The benefit here is not only the ability to install Mountain Lion from an separate drive, but also the ability to use Disk Utility to troubleshoot an errant boot drive and recover a Mac from a Time Machine backup. Note that Mountain Lion creates a recovery partition with all these features on your boot drive, but that’s no good if your main hard drive goes south and you need to restore a Mac quickly after installing a fresh unbroken boot drive.
Upgrade/Install Process Itself
After you’ve created your bootable install drive or DVD (highly recommended as a backup tool and if anything happens while installing/upgrading) you are free to begin. If you’re planning on doing upgrade, just run the Mountain Lion app you downloaded from the App Store. It will take about 20-30 minutes and then the computer will restart. After it boots back up, it should continue as nothing happened, logging you in to your desktop. The only change being that you’ll be running Mountain Lion instead of Lion.
If you are doing a fresh install, then it will be a little similar, but the process should take slightly longer. Boot from your installer, then open Disk Utility and erase the partition you want to install Mountain Lion on. Once erased, make sure it is formatted for Mac OS Extended (Journaled) and you are good to go. Quit Disk Utility and return to the installer. Install Mountain Lion and enjoy!
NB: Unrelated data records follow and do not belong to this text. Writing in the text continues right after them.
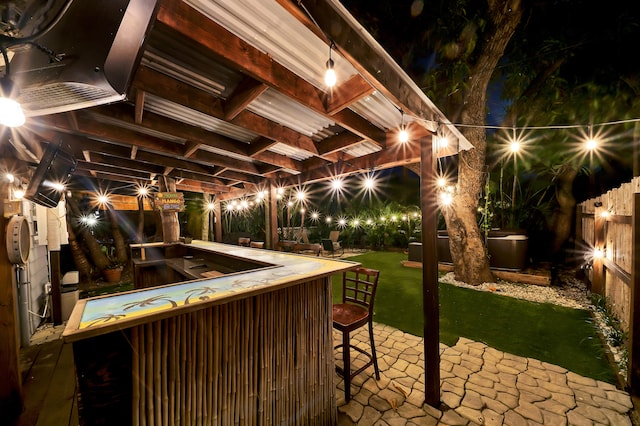 patio at twilight with a yard and an outdoor bar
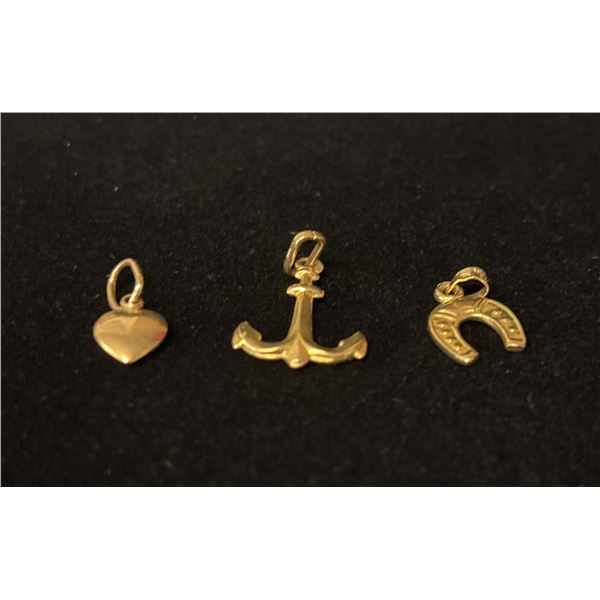THREE APPROX 14K CHARMS (1.7G)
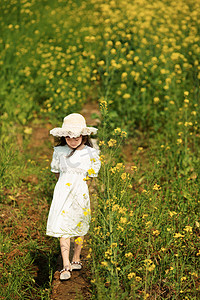 走在油菜花田的可爱的小女孩摄影图配图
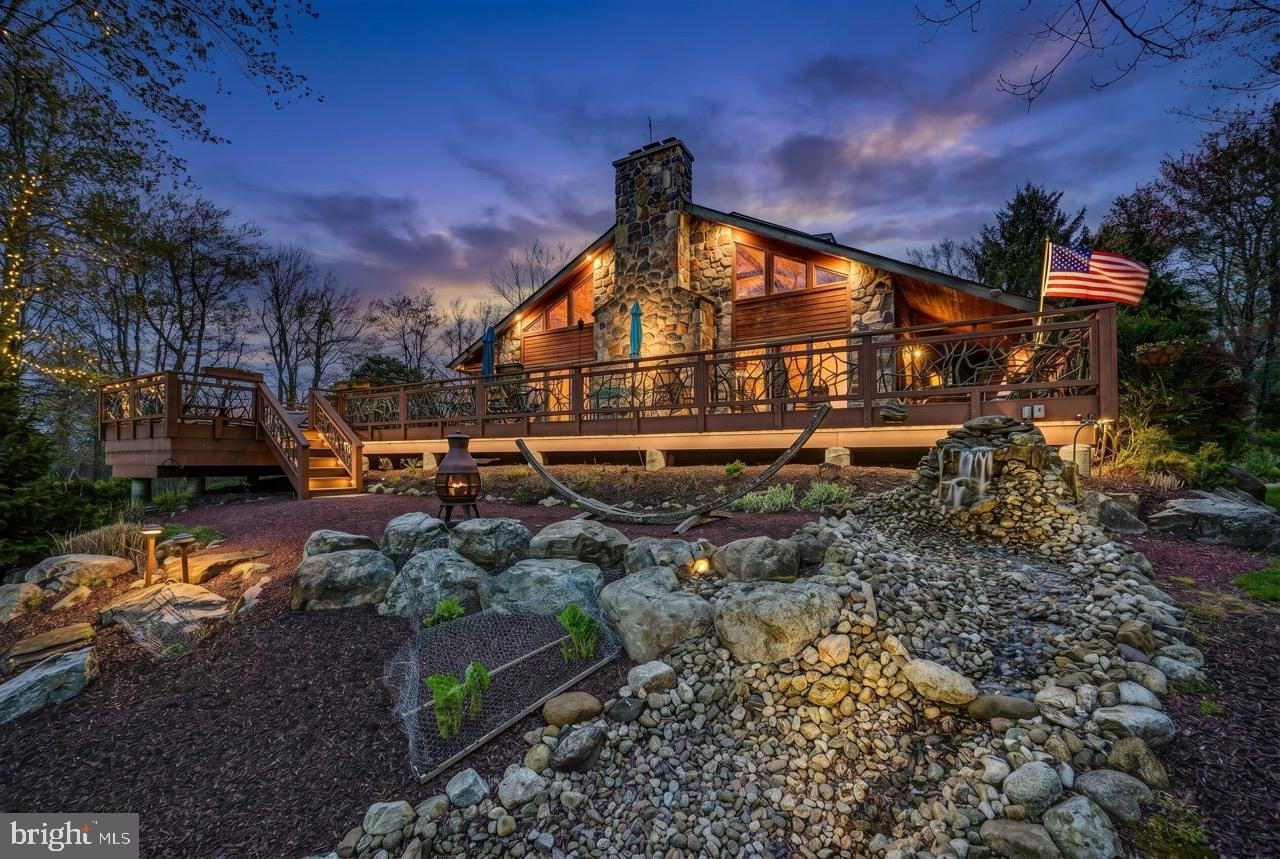 ACTIVE w CONTRACT: Back up offers only at this time.  Serenity in the Pocono Mountains--Golf Course Living at Its Finest! Perfectly positioned on the 9th hole, this exceptional over 5000 Sq St. Cedar home on 1.24 acres with NO HOA offers breathtaking fairway views and a peaceful mountain setting. A paved drive leads you to this expansive retreat featuring a massive open floor plan highlighted by a dramatic floor-to-ceiling stone, wood-burning fireplace and rich wood flooring throughout the main living space. The heart of the home is a beautifully appointed kitchen with granite countertops, double oven, and seamless flow into a wet bar--perfect for entertaining. Enjoy year-round relaxation in the 4-season room or step outside to the expansive deck complete with hot tub, ideal for soaking in the serene surroundings on the hammock next to the water fall feature. The main level features a luxurious primary bedroom suite with private bath, a powder room, convenient butler's quarters and private study. Upstairs, an open balcony overlooks the grand living area and leads to four spacious bedrooms--each with its own private adjoining bathroom--plus access to a storage attic. The lower level is designed for fun and functionality with a large game room, bar area, storage room, utility space, and a 2-car garage. Additional highlights include central heat and air main level, a storage shed, and a Simply Safe secure alarm system. Enjoy a lifestyle of convenience and recreation with a private pathway to the Sunset Green Restaurant and Split Rock Golf Club. Ownership includes access to Lake Harmony--a motorboat lake--plus you're just minutes from skiing, water parks, and local nightlife. See it to believe it--this is Pocono living at its best!
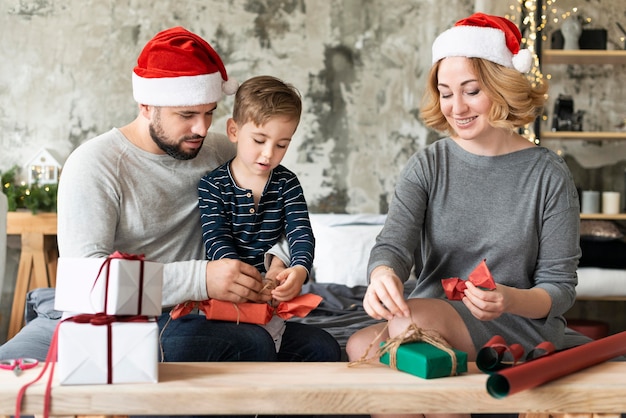 Parents and child being together on christmas day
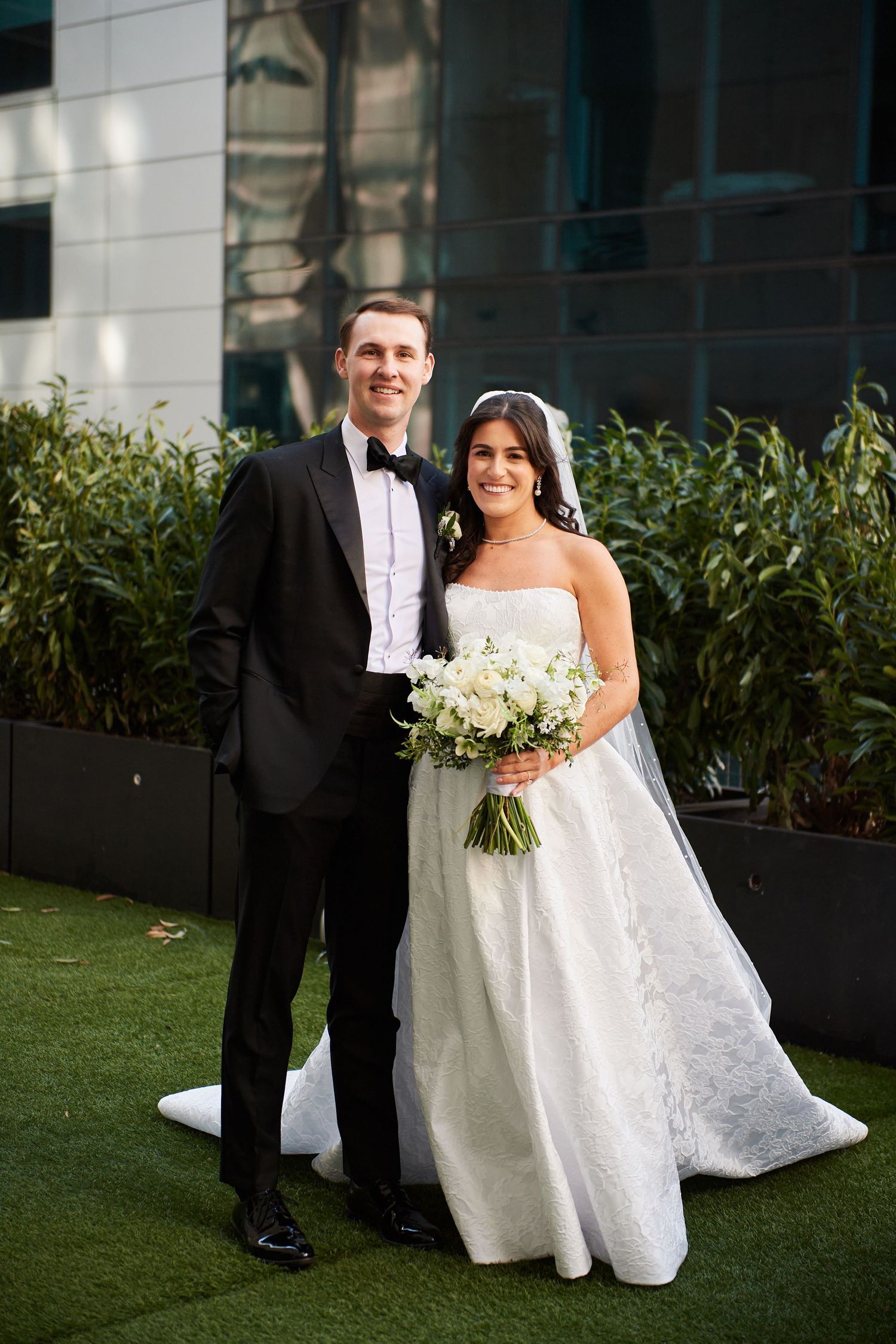Bride and groom posing outdoors on green grass, bride in white strapless gown holding bouquet, groom in black tuxedo.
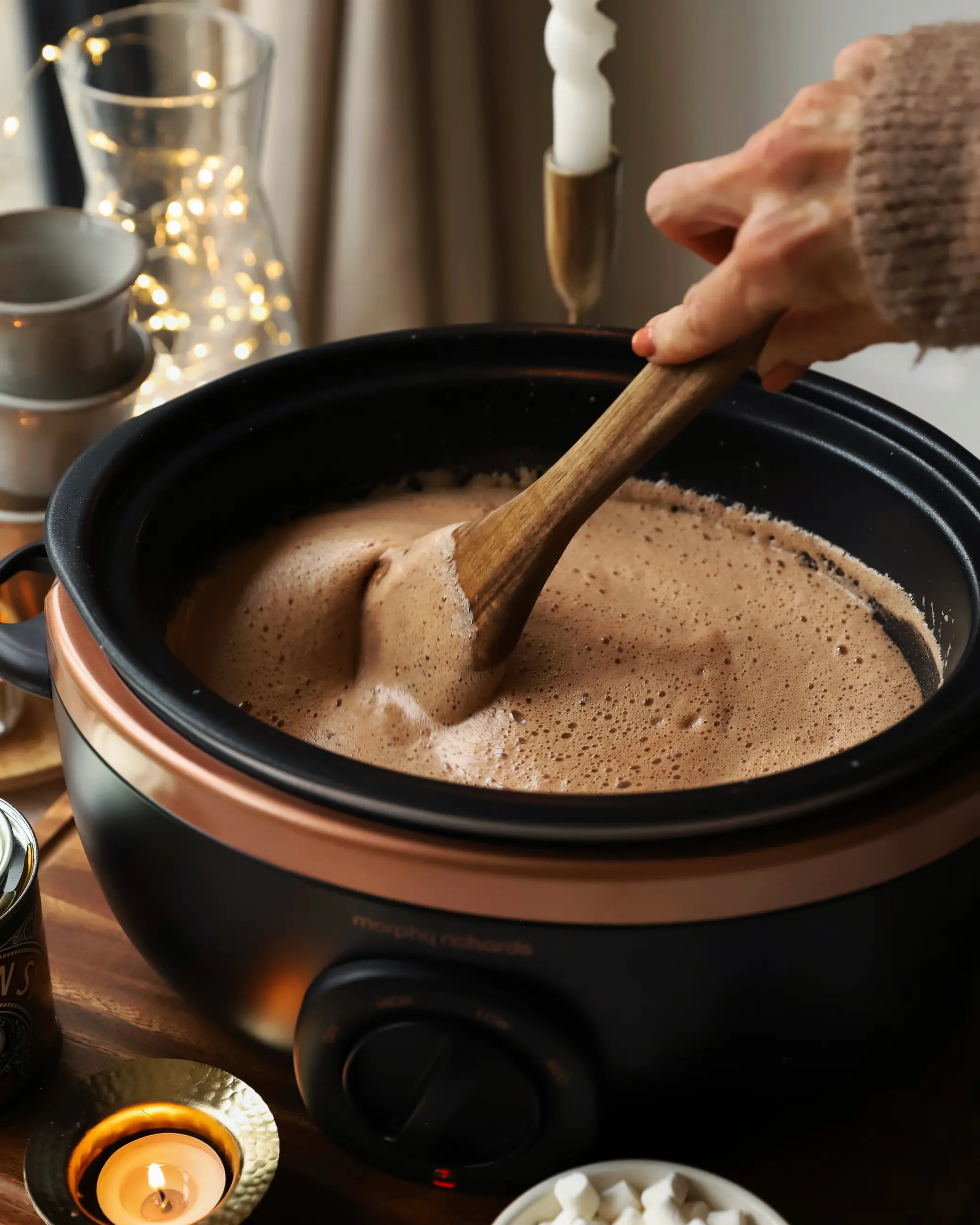 Person stirring creamy slow cooker hot chocolate with a wooden spoon, surrounded by mugs, mini marshmallows, and warm candlelight — a cosy winter drink scene with soft festive lighting.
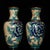 A beautiful pair of Chinese Cloisonné enamel vases. Each vase features a classic baluster shape with a flared rim and is...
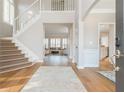 Bright foyer with hardwood floors, staircase, and views into the formal living area at 1516 Ashford Club Ne Ct, Brookhaven, GA 30319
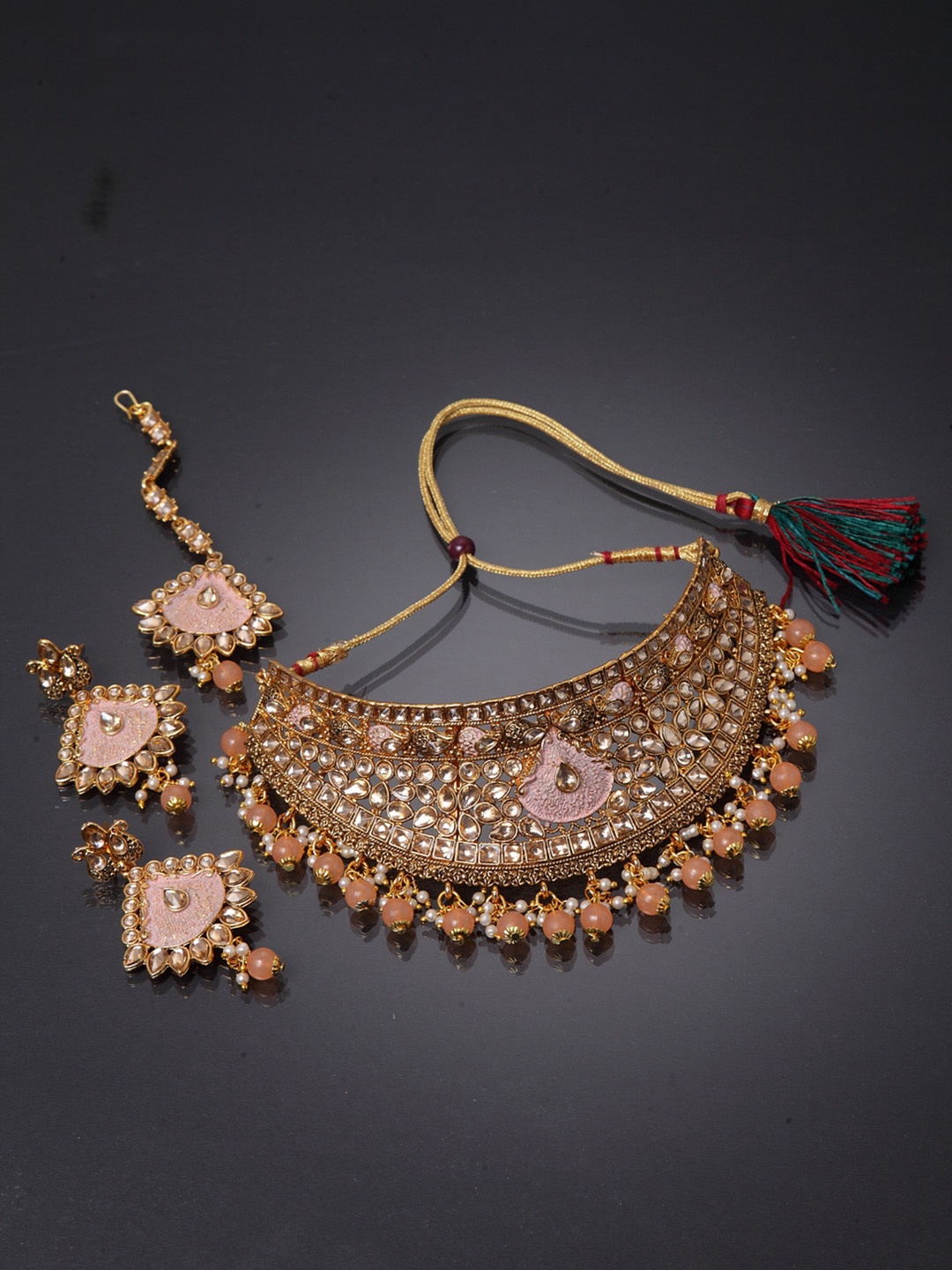 

ANIKAS CREATION Gold-Plated Beige & Peach-Coloured Kundan-Studded Enamelled Bridal Look Choker Jewellery Set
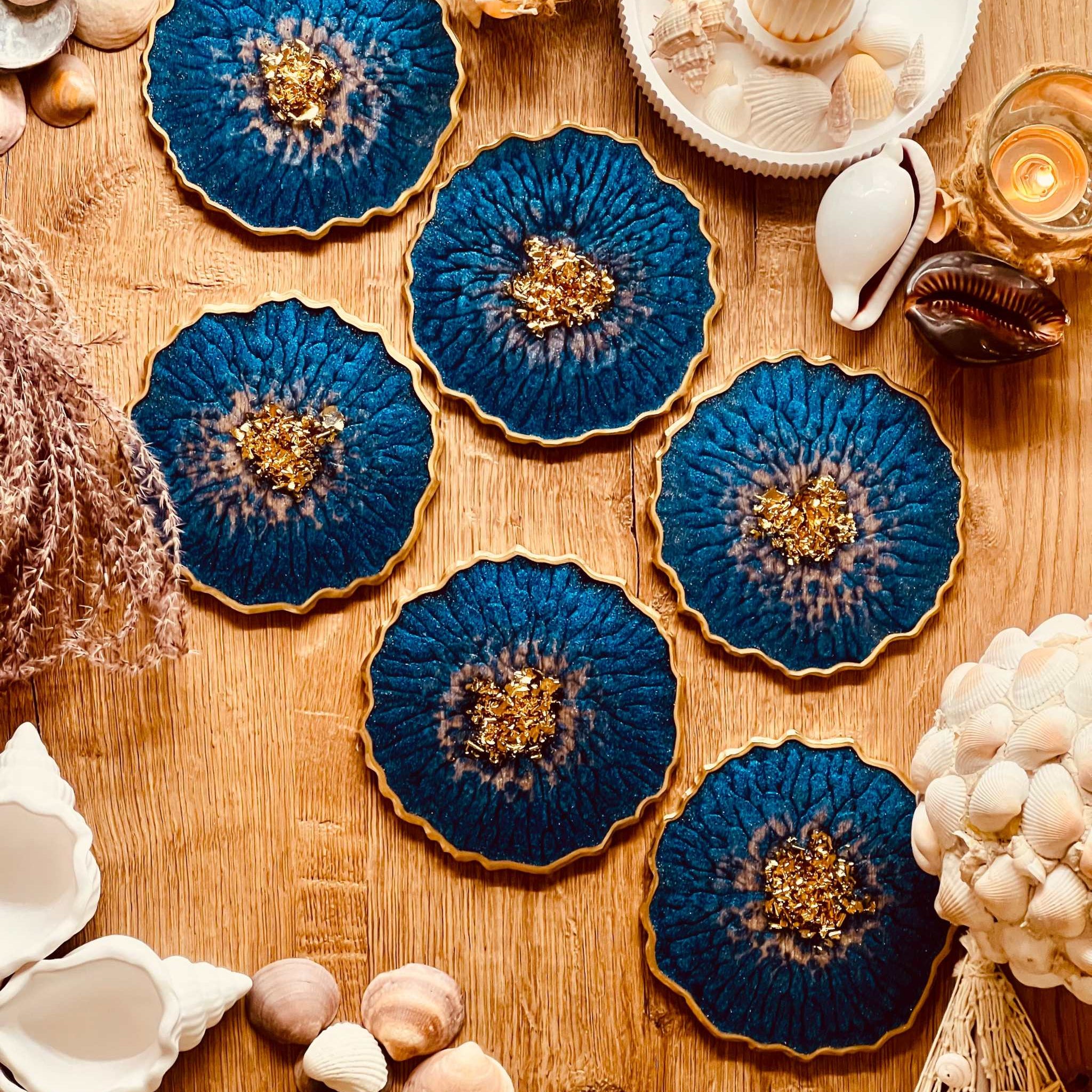 6 resin coasters in blue with silver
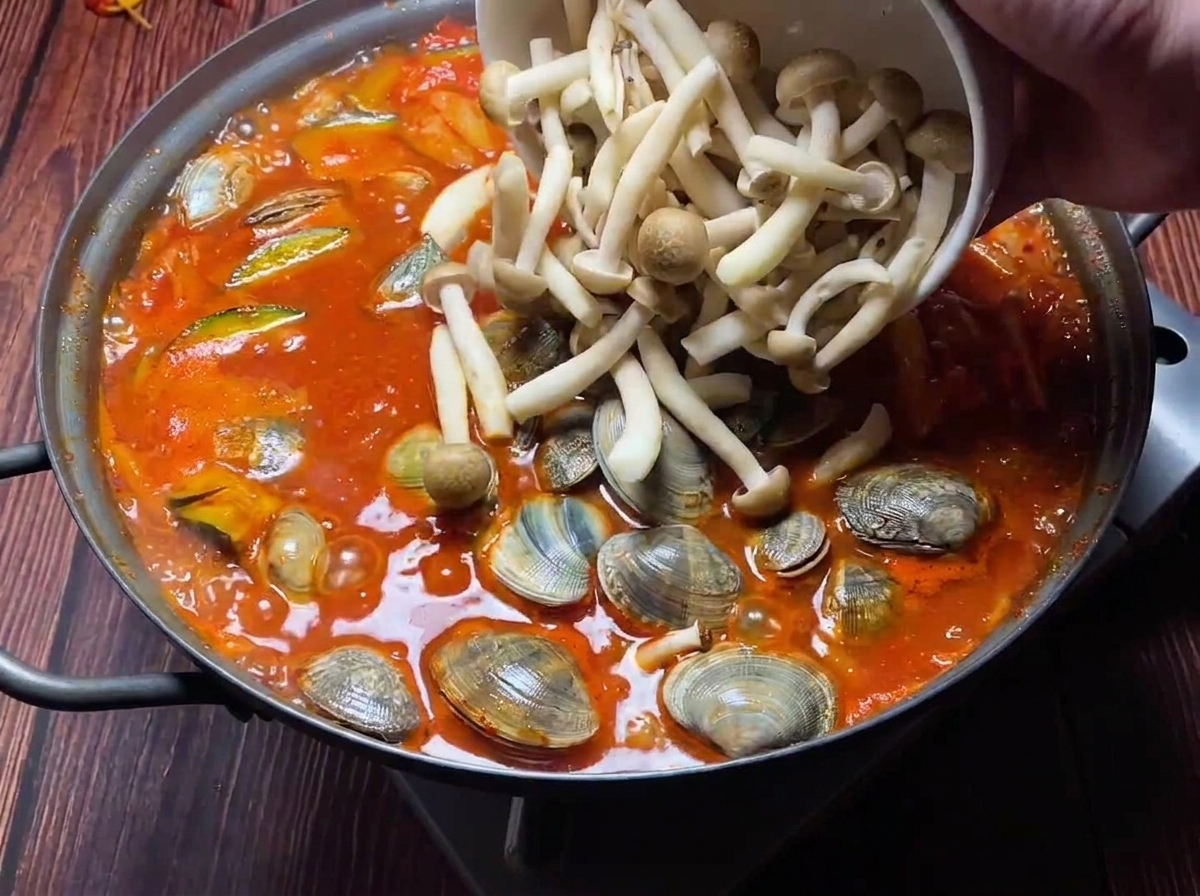 Almejas frescas y setas variadas añadiéndose a un estofado rojo de kimchi burbujeante.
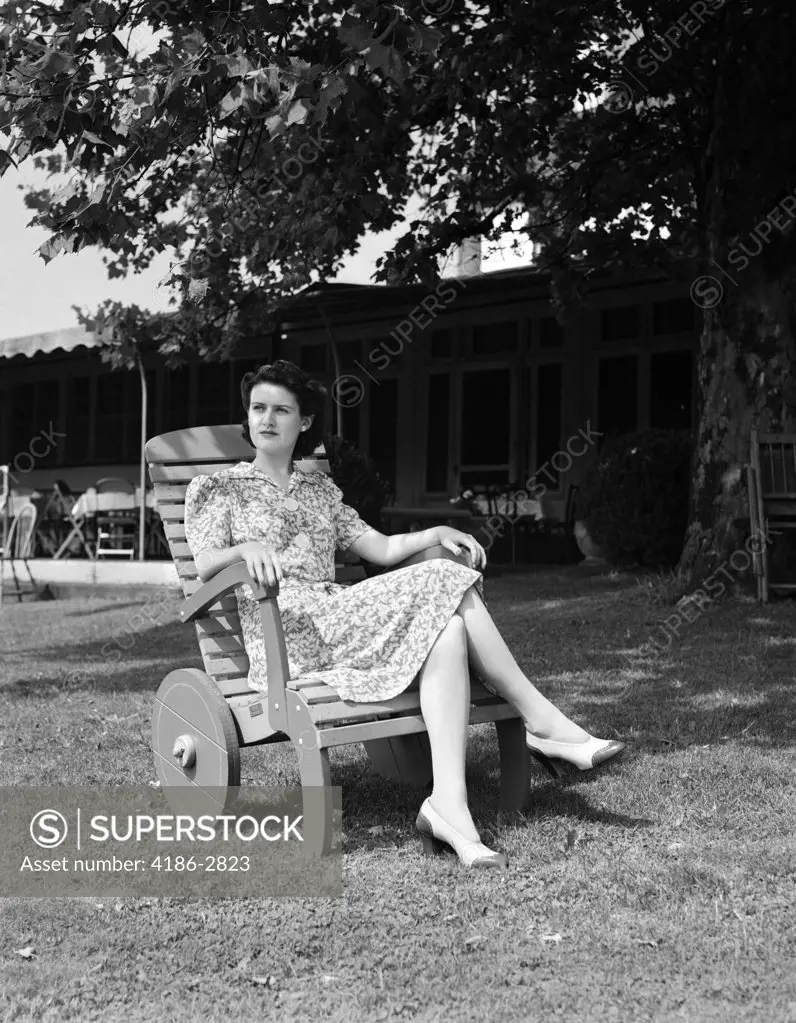 1940S Woman Sitting In Wooden Lawn Chair With Wheels On Lawn In Front Of House Looking Off Into Distance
If you did the upgrade option, congrats, you’re done! All your settings should be the same. So far, the only thing I have found that didn’t stay is the unhidden library folder, but that is an easy fix. Open Terminal, and copy in the following command to unhide your library folder (note that, by default, it’s hidden anyway so this may not be a concern for you):
chflags nohidden ~/Library/
If you had your dock customized for a different look, easily done with Candybar, you may notice it has reverted to a default looking dock. Unfortunately, with 10.8, the custom dock is no longer an option, at least until further notice.
Some apps may require updates before they’ll function properly on Mountain Lion. The version of Little Snitch I had, had to be updated before it would run, and since it was a login item, it told me as soon as it tried to launch. If you find that applications no longer work, check for updates as many developers will have issued updates to ensure compatibility. If no compatible versions are available, feel free to start a thread and someone will help with either a workaround or a search to find a suitable and compatible replacement.
If this was your first OS X upgrade, congratulations for making it through. If you find yourself lost, stuck or suddenly with less hair because of the stress regardless of your experiences, let us know. Many of us have done this many times so we’ve seen just about every issue. However, if you stick to the basic plan of “prepare, backup and check compatibility”, you should be fine.